National Council for Tripartite Cooperation
(New – SG, No. 25/2001)
(1) The cooperation and consultations under Article 3 shall be carried out on national level by the National Council for Tripartite Cooperation.
(2) The National Council for Tripartite Cooperation shall comprise two representatives from each of the following: the Council of Ministers, the representative organizations of the employees and the representative organizations of the employers. The Council of Ministers shall assign its representatives, and the representatives of the representative organizations of the employees and the employers shall be assigned by their managing bodies in compliance with their Articles of association.
(3) The National Council for Tripartite Cooperation shall be headed by Deputy Prime Minister.

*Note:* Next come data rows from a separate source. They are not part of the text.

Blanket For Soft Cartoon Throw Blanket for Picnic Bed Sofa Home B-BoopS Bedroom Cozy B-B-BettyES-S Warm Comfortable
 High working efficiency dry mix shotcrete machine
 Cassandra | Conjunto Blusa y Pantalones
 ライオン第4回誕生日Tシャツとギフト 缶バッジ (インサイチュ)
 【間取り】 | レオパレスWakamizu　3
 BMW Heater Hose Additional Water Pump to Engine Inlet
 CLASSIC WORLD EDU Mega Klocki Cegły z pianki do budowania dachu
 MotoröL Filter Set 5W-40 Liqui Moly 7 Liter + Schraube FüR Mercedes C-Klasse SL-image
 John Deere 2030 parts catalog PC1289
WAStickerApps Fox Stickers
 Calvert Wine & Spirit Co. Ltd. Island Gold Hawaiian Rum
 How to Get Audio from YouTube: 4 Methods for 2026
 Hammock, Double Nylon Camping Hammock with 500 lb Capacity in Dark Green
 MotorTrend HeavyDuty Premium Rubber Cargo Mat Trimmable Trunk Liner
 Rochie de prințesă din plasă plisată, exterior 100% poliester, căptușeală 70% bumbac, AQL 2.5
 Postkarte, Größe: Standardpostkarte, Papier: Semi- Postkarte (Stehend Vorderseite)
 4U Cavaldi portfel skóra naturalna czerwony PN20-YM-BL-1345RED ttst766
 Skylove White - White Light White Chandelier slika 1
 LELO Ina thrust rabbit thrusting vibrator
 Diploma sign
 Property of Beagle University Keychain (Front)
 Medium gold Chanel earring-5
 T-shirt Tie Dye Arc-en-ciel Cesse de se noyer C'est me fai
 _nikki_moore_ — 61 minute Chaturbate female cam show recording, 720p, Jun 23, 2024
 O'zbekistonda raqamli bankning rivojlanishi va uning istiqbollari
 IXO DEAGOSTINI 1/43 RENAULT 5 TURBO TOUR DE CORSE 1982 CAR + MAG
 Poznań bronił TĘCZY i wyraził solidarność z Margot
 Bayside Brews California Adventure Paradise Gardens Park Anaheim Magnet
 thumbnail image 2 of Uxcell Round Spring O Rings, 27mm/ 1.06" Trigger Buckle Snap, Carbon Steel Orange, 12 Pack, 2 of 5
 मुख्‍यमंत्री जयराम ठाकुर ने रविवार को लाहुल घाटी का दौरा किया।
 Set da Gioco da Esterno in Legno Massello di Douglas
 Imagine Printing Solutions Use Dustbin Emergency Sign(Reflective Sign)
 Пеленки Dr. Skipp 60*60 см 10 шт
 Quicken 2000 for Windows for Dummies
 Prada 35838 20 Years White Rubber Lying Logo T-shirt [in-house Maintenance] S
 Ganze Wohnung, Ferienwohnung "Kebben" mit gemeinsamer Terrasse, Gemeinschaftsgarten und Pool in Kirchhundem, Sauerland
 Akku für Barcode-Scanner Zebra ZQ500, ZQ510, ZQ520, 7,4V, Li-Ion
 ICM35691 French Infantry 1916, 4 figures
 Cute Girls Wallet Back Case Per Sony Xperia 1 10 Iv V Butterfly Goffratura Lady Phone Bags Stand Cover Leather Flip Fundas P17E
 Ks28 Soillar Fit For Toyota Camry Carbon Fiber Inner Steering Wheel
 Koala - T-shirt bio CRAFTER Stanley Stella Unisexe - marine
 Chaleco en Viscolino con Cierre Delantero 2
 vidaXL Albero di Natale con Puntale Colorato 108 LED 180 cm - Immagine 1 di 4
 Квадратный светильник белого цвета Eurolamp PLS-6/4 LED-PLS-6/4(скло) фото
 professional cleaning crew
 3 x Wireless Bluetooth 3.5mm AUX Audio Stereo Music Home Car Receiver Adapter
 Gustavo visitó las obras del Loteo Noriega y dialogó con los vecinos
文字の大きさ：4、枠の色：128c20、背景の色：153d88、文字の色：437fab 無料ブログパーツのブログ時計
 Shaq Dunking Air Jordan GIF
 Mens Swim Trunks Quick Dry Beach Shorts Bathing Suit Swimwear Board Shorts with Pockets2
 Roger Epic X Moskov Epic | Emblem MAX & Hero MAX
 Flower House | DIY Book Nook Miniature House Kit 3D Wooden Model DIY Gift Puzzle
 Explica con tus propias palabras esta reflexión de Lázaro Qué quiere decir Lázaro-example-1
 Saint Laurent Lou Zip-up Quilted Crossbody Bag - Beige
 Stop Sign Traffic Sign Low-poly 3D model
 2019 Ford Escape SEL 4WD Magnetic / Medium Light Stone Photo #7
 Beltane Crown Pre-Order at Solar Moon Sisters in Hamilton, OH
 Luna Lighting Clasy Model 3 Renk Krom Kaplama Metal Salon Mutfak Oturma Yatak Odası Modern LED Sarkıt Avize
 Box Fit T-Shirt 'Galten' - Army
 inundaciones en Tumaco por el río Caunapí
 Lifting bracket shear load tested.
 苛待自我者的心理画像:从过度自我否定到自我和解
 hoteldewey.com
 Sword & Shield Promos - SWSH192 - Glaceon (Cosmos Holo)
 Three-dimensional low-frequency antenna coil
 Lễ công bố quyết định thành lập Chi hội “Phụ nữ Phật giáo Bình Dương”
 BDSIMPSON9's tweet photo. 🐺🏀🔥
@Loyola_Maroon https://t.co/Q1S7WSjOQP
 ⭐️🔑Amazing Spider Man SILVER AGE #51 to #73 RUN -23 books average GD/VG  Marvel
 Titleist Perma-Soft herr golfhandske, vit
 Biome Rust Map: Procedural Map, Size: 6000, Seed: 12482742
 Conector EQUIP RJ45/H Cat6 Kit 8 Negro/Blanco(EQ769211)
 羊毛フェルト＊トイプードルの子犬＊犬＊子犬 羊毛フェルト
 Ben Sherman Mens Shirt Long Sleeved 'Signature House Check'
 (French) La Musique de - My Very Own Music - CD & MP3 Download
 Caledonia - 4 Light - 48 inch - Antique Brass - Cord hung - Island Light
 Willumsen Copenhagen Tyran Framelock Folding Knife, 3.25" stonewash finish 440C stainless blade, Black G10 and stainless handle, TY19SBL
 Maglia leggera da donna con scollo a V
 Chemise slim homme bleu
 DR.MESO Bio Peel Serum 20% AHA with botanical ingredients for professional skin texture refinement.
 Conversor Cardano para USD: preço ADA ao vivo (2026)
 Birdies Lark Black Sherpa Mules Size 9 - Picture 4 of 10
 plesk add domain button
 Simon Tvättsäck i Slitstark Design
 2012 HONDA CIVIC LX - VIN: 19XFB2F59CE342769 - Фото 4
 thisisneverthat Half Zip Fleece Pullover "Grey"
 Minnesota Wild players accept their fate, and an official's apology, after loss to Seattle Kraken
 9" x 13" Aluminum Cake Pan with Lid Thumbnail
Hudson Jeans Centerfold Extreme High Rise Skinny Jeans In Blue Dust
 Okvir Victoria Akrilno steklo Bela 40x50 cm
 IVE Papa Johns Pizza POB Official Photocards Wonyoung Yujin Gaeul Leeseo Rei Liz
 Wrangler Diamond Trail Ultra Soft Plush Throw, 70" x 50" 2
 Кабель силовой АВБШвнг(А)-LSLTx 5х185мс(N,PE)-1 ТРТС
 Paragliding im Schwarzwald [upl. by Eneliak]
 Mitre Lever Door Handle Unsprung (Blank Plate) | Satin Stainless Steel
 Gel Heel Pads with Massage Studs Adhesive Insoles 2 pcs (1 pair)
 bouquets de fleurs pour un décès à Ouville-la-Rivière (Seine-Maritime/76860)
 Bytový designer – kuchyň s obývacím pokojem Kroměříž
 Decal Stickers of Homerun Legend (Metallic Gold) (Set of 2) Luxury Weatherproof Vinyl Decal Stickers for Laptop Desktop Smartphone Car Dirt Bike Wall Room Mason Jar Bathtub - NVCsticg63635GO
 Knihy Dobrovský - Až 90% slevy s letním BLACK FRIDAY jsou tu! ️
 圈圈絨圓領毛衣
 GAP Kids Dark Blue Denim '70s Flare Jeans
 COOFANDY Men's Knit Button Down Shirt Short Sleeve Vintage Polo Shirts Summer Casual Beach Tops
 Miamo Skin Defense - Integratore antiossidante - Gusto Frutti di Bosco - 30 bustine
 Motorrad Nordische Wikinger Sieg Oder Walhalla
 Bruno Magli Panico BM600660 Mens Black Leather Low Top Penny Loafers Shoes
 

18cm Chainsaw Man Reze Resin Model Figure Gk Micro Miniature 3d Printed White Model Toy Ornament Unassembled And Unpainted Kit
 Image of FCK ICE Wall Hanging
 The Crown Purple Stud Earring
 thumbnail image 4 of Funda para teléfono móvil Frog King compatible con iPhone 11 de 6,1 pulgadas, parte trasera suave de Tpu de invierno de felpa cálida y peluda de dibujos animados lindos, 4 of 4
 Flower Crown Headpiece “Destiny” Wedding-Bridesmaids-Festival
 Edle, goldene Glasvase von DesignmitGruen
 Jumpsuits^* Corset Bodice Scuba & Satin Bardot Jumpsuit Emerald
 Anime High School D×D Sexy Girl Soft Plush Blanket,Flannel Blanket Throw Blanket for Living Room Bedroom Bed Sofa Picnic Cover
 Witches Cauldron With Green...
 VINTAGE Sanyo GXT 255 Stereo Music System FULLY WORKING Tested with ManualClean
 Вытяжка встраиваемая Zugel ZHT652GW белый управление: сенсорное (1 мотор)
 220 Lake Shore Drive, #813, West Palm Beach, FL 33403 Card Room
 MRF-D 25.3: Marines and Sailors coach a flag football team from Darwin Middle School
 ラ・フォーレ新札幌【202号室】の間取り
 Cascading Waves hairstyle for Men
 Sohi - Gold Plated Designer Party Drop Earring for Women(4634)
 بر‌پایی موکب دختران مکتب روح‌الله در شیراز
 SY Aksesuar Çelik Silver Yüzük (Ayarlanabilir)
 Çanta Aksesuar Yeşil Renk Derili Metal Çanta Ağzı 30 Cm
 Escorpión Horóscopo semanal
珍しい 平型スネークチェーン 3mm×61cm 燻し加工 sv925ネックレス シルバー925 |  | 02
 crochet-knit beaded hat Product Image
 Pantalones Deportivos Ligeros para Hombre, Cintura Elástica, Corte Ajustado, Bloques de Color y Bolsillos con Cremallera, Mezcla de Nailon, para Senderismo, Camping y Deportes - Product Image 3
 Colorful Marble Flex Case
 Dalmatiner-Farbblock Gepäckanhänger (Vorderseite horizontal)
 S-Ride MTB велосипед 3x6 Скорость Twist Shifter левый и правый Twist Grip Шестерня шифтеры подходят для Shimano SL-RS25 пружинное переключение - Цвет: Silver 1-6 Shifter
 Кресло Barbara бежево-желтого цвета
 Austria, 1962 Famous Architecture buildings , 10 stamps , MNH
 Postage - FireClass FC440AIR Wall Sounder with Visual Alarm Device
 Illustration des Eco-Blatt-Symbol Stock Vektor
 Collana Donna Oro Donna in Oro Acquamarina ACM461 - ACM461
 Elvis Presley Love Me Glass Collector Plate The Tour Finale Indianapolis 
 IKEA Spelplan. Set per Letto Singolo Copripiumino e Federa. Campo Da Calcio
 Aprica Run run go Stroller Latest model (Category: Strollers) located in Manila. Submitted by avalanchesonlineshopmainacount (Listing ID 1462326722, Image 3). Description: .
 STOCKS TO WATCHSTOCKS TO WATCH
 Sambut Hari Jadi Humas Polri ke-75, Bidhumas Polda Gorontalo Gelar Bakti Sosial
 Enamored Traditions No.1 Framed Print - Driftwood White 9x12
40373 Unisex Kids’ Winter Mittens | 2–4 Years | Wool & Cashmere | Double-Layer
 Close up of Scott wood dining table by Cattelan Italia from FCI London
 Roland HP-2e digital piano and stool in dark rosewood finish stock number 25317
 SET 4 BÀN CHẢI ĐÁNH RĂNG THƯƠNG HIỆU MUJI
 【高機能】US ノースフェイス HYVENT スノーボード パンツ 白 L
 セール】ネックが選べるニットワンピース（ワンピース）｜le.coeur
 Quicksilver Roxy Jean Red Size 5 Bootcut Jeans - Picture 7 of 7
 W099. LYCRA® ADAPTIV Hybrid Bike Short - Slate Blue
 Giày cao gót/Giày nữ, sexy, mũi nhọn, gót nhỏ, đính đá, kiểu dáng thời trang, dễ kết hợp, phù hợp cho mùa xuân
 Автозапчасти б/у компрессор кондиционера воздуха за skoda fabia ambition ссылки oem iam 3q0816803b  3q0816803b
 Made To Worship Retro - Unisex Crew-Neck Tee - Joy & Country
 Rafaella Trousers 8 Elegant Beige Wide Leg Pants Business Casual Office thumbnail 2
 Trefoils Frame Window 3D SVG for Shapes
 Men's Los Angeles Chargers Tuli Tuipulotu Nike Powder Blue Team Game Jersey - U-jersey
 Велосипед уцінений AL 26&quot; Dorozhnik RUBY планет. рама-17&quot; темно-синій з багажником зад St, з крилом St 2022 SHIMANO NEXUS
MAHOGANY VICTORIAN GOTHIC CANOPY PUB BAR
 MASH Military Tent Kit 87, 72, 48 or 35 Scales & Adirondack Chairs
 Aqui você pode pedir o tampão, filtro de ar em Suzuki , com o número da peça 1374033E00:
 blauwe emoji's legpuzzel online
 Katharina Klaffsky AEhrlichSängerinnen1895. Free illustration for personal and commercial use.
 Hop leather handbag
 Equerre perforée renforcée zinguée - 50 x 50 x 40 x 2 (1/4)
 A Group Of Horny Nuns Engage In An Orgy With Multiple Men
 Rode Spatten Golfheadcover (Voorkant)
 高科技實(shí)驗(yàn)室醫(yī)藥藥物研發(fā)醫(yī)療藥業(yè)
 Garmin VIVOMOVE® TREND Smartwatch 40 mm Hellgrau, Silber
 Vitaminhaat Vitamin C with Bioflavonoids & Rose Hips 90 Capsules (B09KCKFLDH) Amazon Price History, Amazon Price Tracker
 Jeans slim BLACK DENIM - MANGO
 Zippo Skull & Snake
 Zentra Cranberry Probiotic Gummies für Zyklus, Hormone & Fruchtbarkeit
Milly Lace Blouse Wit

Industry, Branch and Municipal Councils for Tripartite Cooperation
(New – SG, No. 25/2001)
(1) The cooperation and consultations under Article 3 shall be carried out by industries, branches and municipalities, by industry, branch and municipal councils for tripartite cooperation.
(2) The industry, branch and municipal councils for tripartite cooperation shall comprise two representatives from each of: the relevant ministry, another department or municipal administration, the representative organizations of the employees and of the employers.
(3) The representatives of the ministries, of the other departments and of the municipal administrations shall be assigned by the respective minister, head of another department or mayor of municipality, and those of the representative organizations of the employees and the employers – by their managing bodies in compliance with their Articles of association.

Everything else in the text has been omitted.